But I doubt very strongly that Pyotr left the rest of the delivery crew in better shape, so that bridge is burned, regardless. ”

“And now Pyotr and whomever is supporting him has an upgraded supply of weaponry.”

“And that, yes.” Artem’s lips twitched. “On the bright side, I hear he’s just recently lost his newest brigadier.”

Otto grunted. “Interesting. I did just get a new gun.”

The men exchanged weird, bonding chuckles and Evelina felt herself smiling as if she were a part of the moment. Am I? Bozhe moy, I might be.

The moment passed, and Artem’s expression sobered.

“Regarding the sweep upstairs,” he said.

“The body in your bedroom is definitely Chek. Looks like they left him to bleed out on your sofa. I’m afraid the entire suite is as trashed as the front space you saw.

We’d need a more detailed comb-through to identify any pieces not destroyed.

” His gaze flicked between them. “We found that pass-through you mentioned in the closet, and unfortunately, the other room was hit, too.
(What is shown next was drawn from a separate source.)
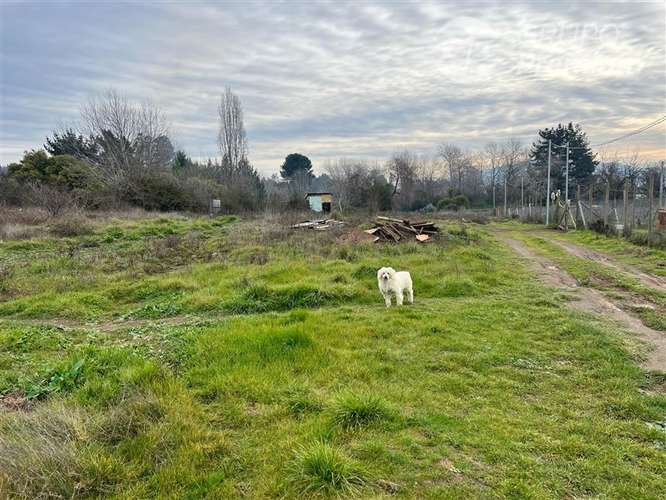 Se Vende Parcela en Hualqui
Although not as thoroughly. And no dead bodies were left behind.”

Evelina nodded as a sort of numbness crawled up her chest. It was the information she’d expected.

It was a huge problem, because where the hell was she supposed to sleep if both hers and Otto’s rooms had been thrashed?

Then there was Chek. A man she’d never met, never even seen the face of, who’d died because he liked her in some way more than her bastard cousin and been assigned to stand in front of an empty room.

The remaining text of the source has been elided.